The City of Minneapolis is advancing plans for a proposedCommunity Safety Training & Wellness Center designed to strengthen emergency response capabilities, improve cross-department training and coordination, and support the physical and mental well-being of the public safety professionals who serve Minneapolis residents every day.
The City has signed a letter of intent to purchase the industrial property located at 146 W. 60th St. in the Windom neighborhood for approximately $6 million and will pursue the purchase this spring.
The proposed center would centralize training and wellness resources that are currently spread across multiple outdated locations. By consolidating these functions into one modern campus, the City aims to improve response readiness, ensure consistent training standards, and enhance coordination across departments during complex incidents and large-scale events.
“This center represents a strategic and responsible investment in safer response, stronger coordination, and the well-being of our first responders,” said Community Safety Commissioner Todd Barnette. “It reflects our ongoing commitment to ensuring the people who serve our community are well-trained, well-prepared, and fully supported to help our residents every day.
Meeting needs of staff
In recent years, Minneapolis has recognized the importance of modernized law enforcement and emergency response training facilities when preparing to respond to large-scale events. These events underscore the importance of supporting first responders’ physical and mental health.
Also, the City’s Community Safety departments operate across multiple locations and offer limited flexibility, making it difficult to fully support modern, cross-departmental emergency response training and employee wellness needs.
The new complex will consolidate several training and wellness functions from across the Office of Community Safety departments, relocating them from multiple outdated and inadequate spaces currently in use across the city.
State-of-the art facility
The estimated total project request is $38 million and will be covered by the City’s capital budget as well as a request for State funding.
Anticipated features for this center include, but are not limited to:
- State-of-the-art classrooms: Modern classrooms of varying size that are designed and equipped for adult learning
- Wellness and mental health support: Space and resources, like family support rooms, offices for employee support teams, among others
- Fitness
- Advanced training spaces: large-scale areas for exercises and incident management, which the City currently lacks
- Indoor shooting range: The MPD shooting range would be relocated from the 4th Precinct
Vision of a shared facility
The Community Safety Training and Wellness Center will be utilized by all Minneapolis Community Safety functions: 911, Behavioral Crisis Response (BCR), Emergency Management, Fire, Neighborhood Safety and Police. The opportunity for larger multijurisdictional partnerships also exists.
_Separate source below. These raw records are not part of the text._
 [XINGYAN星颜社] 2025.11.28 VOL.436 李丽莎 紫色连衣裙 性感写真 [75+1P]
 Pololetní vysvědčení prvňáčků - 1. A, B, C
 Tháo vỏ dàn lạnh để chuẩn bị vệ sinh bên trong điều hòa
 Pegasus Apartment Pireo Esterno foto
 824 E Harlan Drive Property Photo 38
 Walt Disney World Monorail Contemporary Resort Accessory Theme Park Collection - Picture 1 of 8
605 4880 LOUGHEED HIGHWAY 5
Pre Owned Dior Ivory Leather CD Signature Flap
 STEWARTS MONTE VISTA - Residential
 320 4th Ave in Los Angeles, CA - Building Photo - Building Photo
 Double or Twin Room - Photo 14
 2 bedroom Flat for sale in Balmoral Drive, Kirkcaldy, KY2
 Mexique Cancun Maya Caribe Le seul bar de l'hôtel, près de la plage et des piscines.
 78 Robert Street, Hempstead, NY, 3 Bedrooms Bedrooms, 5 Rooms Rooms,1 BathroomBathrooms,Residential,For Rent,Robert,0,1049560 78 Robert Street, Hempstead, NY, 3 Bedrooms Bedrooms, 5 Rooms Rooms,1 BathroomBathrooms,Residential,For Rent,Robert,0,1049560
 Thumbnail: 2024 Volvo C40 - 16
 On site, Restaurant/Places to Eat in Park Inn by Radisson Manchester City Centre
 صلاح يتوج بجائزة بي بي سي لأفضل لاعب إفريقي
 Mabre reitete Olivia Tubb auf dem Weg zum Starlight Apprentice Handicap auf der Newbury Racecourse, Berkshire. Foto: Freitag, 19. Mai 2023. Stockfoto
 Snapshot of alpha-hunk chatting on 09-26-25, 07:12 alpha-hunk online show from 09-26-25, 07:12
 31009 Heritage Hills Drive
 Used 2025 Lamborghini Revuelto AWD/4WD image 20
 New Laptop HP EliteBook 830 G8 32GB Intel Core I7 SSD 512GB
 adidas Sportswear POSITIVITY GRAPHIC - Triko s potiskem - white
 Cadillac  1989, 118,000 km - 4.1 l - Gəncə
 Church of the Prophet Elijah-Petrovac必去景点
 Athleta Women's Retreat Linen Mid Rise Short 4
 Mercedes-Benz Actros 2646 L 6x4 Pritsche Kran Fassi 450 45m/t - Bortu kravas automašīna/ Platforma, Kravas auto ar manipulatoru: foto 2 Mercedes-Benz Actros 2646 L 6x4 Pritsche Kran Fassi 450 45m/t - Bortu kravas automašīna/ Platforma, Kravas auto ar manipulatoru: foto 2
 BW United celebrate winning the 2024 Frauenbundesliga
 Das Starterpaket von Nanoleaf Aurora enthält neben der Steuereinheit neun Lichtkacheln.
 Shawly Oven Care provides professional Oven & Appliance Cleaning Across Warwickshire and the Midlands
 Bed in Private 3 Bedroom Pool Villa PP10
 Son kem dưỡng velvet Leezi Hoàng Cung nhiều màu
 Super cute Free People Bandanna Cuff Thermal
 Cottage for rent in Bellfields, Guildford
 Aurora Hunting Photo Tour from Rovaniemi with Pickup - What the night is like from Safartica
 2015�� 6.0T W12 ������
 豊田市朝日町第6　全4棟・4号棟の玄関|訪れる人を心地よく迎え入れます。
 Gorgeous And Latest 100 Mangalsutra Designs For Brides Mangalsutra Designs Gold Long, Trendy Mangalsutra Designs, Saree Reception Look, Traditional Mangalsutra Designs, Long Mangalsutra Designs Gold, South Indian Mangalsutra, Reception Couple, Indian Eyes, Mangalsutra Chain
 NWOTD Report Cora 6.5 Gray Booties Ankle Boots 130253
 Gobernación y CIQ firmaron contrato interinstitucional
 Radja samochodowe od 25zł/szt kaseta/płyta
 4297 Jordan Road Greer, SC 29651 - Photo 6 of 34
While there are specific training and wellness needs that the City must address to comply with the Settlement Agreement, this is an opportunity to:
- Address significant needs in those areas across all safety departments.
- Consolidate other inadequate facilities.
- Build a state-of-the art facility to support employees and attract the best applicants
- Use a single facility to allow for cross-department training and improve coordination across the enterprise.
Additionally, using non-City facilities for these purposes tends to be logistically difficult, costly, and creates problems with consistency if locations change. With space for professional tabletop exercises and simulations, the center will support better outcomes of enhanced, coordinated incident response during crises. Having a single facility will close gaps and provide for consistent implementation of training and wellness standards across all departments.
Reform and legal requirements
In 2023 and 2024, facilities, training and wellness assessments were completed as part of the Minnesota Department of Human Rights Settlement Agreement. The agreement, approved by City Council in March 2023, requires:
- Improved training protocols, including scenario-based training
- Elevated employee support and wellness standards
- The development of a plan for providing MPD employees with the necessary facilities and support.
A key recommendation from the wellness assessment was to improve the employee wellness center, and the facilities assessment recommended the development and construction of a new training facility.
Next steps
The City is advocating for State funding support for the Community Safety Training and Wellness Center as a top-priority capital budget request this legislative session. The City administration will also be bringing a funding request and purchase agreement to the City Council for consideration this Spring.